How does a search engine decide which duplicate to show in search results? Following up in my series of articles about duplicate content, it seems fitting that we would next discuss how search engines determine which article to show when they have dozens or even hundreds of duplicates to chose from. Lets start with a question we have all thought about at one point or another. A question that our past two days articles have been leading up to. “How does a search engine decide which duplicate to show in search results, and which ones not to show?†How do they choose? Pagerank? First one published? Shortest url? Article with the most links? It doesn’t seem to be any one signal. It’s not pagerank alone, or distance from root directory. It’s probably not the first one published, because many sites are dynamic, and the time stamp on the original may be later than on the copy, and the first copy spidered might be the one the search engines think is the oldest. It doesn’t appear to be perceived authority. It could have something to do with the number and quality of inbound and outbound links from a page. It could be a mix of all of those things and others. So what is it then? Lets dive into some research papers and find out! . . . .
Page rank seems to be the first and most important factor. But you're right with your suggestions. There are some more issues token in consideration.
I doubt very much search engines would use the timestamps provided on a website as these are easily faked. Almost certainly a search engine would count the first copy it spiders as the original.
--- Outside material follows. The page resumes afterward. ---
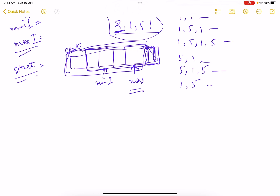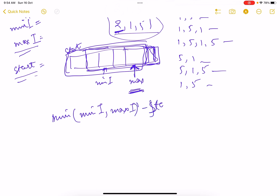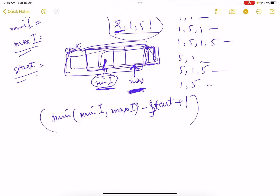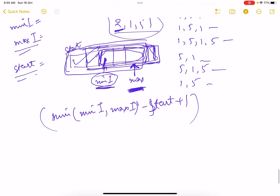The number of valid subarrays ending at the current index equals: min(minIndex, maxIndex) - start + 1. We take the minimum of minIndex and maxIndex because we need both elements present, so we must include whichever occurred first. The extra elements before that point (back to start) can optionally be included, giving additional valid subarrays. We add +1 because if start equals minIndex, we can still form at least one subarray.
Although its difficult for a spider to figure out the original if it finds 2 copies in a short time frame. Thus by my reckoning the only other (almost) reliable indicator that a spider can use is looking at which copy has the most links, as the original version is more likely to have gotten the majority of references.
I have some experience with that. Once I wrote an unique article in some unknown article directory and left it there for a while. It got cached in some weeks. When I searched for it in google I saw somebody else also published it - there were 2 results total . Then I copy-pasted it in an old blogspot. And you will probably guess - the blogspot toke the lead in just few weeks. So it is the trust involved for sure.
Hmm thats not too conclusive though. Remember, blogspot is owned by Google they might give their own pages bias. For instance Youtube videos often rank higher than they should and its been reported that Google Knol pages are also doing better than they should.
My view is that there's a lot of stuff that goes into this although I wouldn't use PR here I'd use site rep which actually is the real PR. Toolbar PR is just a ruse. In addition the normal stuff that would rank a site higher on a search anyway factors in pretty big. Ken King Cobra Poker
All search engines are striving to create good user experiences for people who search using their services. all of them want to avoid duplicate results filling up the early spots on search result pages.